Chroniques de l'invisible - 270

Refuge. Le seul refuge, c’est le corps textuel. Je mets du temps pour y venir pour n’y laisser aucune trace des tensions d’autres corps générées par l’angoisse. Le premier réflexe contre lequel je lutte est le rapport circonstancié alors que je le sais qu’il n’y a aucun risque. Je ne réponds pas à cela. L’ambiance retombe. Cela fait des années que c’est la même histoire. « Je ne dors pas depuis deux jours ». Moi non plus.
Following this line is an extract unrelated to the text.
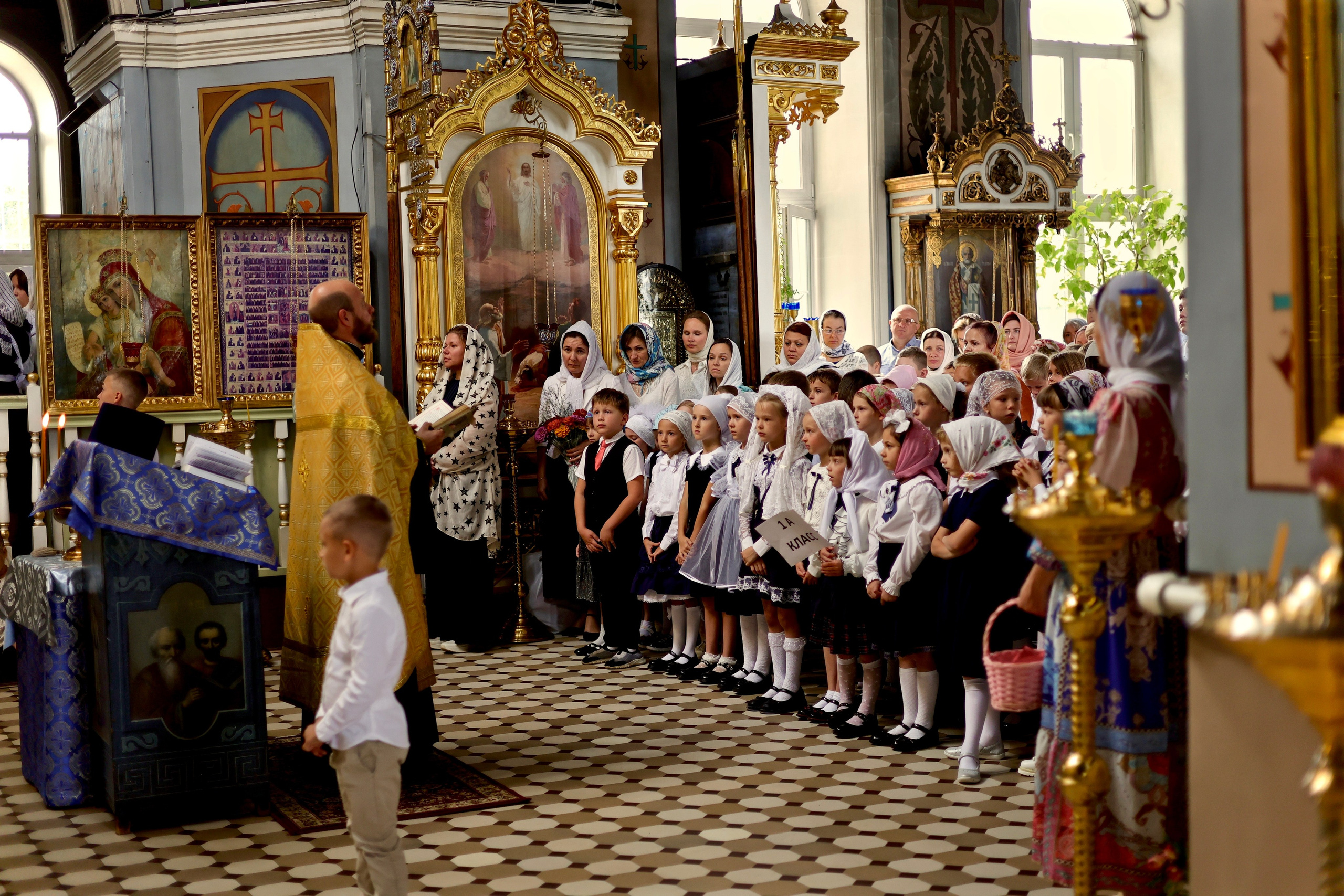 Съемка 1 сентября.В добрый путь — первоклассники!. Свадебный и семейный фотограф-Королева Натали/Раменское-Жуковский-Москва/тел.+7 (985) 153-75-43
Depuis vingt ans. Pourtant, je fais acte de présence. Décision prise face au ciel. Je n’ai pas besoin d’un coup de fil personnalisé pour aider la manière qui a été employée pour encore me placer dans le camp des stigmatisés. Quand cela creuse à l’intérieur. Je n’aide pas à alimenter le système. On a tous le même spectacle devant les yeux. La responsabilité est tout autre. Au fond, c’est déjà engagé. Contre toute attente, je suis dans le rang. On parle même de sacrifice. On se jetterait dans la gueule du loup, mais si possible sans solidarité. Tout cela aurait pu devenir romantique. Le héros n’avait pas l’air très effondré. De discussions en discussions se révèle le non-dit. La façade semblait parfaite. Il allait aux putes. En fait, on ne sait pas. C’est la conclusion qui vient. Pendant ce temps, on continue de creuser. Rien à voir. La question de la responsabilité.